There is also the problem of inference attacks. Even if your identity remains hidden, an AI model could infer health conditions you didn’t disclose – such as a genetic marker for a neurological disorder – and this derived information could be shared, sold, or used in ways you never agreed to. Current privacy laws like HIPAA in the United States and GDPR in Europe do not fully cover AI-generated inferences. HIPAA protects identifiable health information, but if an inference is not explicitly listed as protected data, it may fall through the cracks.
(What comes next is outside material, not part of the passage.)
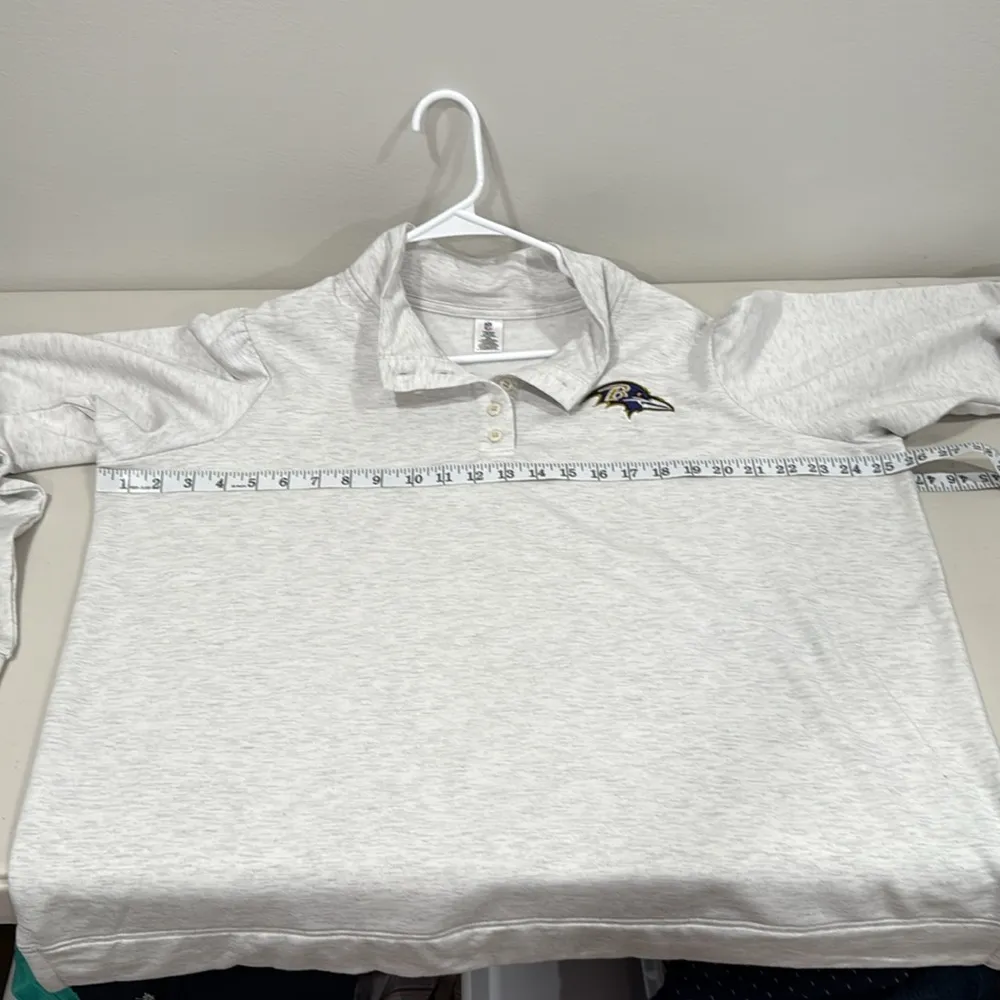 NFL Team Apparel Baltimore Ravens Heather Gray Sweatshirt Size XXL EUC - Image 9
For providers, the risks are equally serious. A privacy breach involving AI-inferred data could lead to legal liability, loss of patient trust, and regulatory penalties. The RSNA report recommends that healthcare organizations treat imaging datasets as inherently risky, even after traditional anonymization.
What readers can do
There is no need to avoid necessary medical imaging, but a few practical steps can reduce exposure.
For patients:
- Ask your provider if AI will be used to analyze your scan and how your images will be stored or shared. Not all institutions have clear policies, but asking raises awareness.
- Inquire about opting out of research or vendor data sharing. Some hospitals allow you to restrict use of your images beyond your direct care.
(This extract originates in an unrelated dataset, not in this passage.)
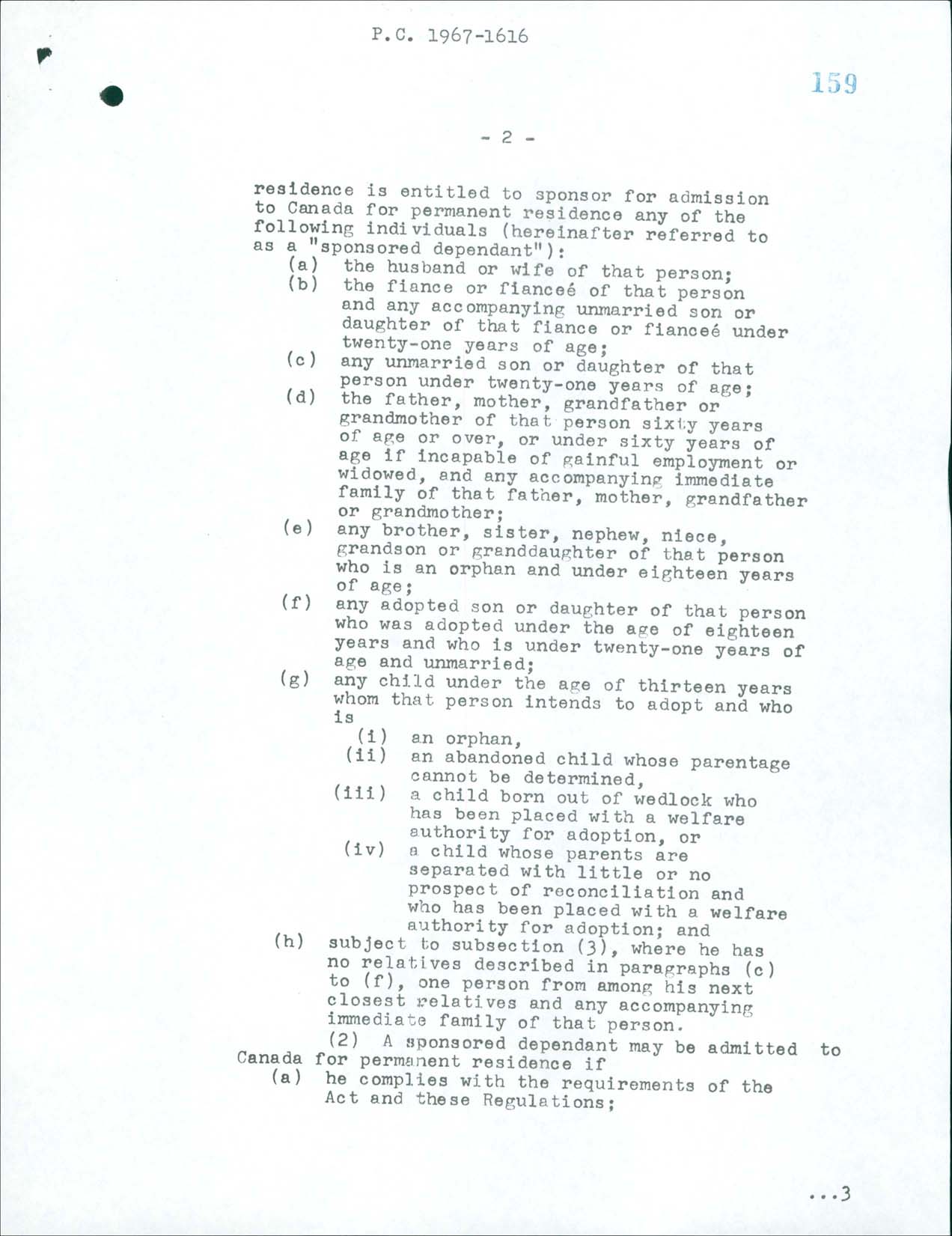 Page 2 Règlement sur l’immigration, Décret du Conseil CP 1967-1616, 1967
- Check your health system’s privacy notice for language about “data analytics” or “de-identified data.” Vague wording may signal that derived data is not fully protected.
For healthcare professionals and administrators:
- Implement rigorous de-identification that goes beyond removal of direct identifiers. Techniques such as image defacing (which removes facial features from CT/MRI) are becoming standard.
- Establish audit trails to track who accesses imaging datasets and for what purpose. This helps detect misuse early.
- Work with legal and compliance teams to update consent forms to disclose that AI may infer additional attributes from images. Transparency reduces legal risk.
- Consider data use agreements that restrict vendors from further analysis beyond the approved clinical task.
For policymakers:
Advocacy is needed to close the gap between HIPAA and AI-generated inferences. The RSNA report echoes calls from privacy groups to expand the definition of protected health information to include algorithmically derived attributes.
Sources
The primary source for this article is the Radiological Society of North America (RSNA) news report titled “Medical Imaging AI Opens a Pandora’s Box of Privacy-Related Risks,” published May 20, 2026. Additional context on re-identification and inference attacks is drawn from peer-reviewed studies referenced in the report and from ongoing discussions within the radiology informatics community. No facts beyond those reported by RSNA and corroborated in the literature have been invented.
Note: The RSNA report does not suggest that current AI tools are illegal or widely misused – only that the privacy safeguards in place today may not keep pace with technical capabilities. As with many emerging technologies, the best protection is informed awareness.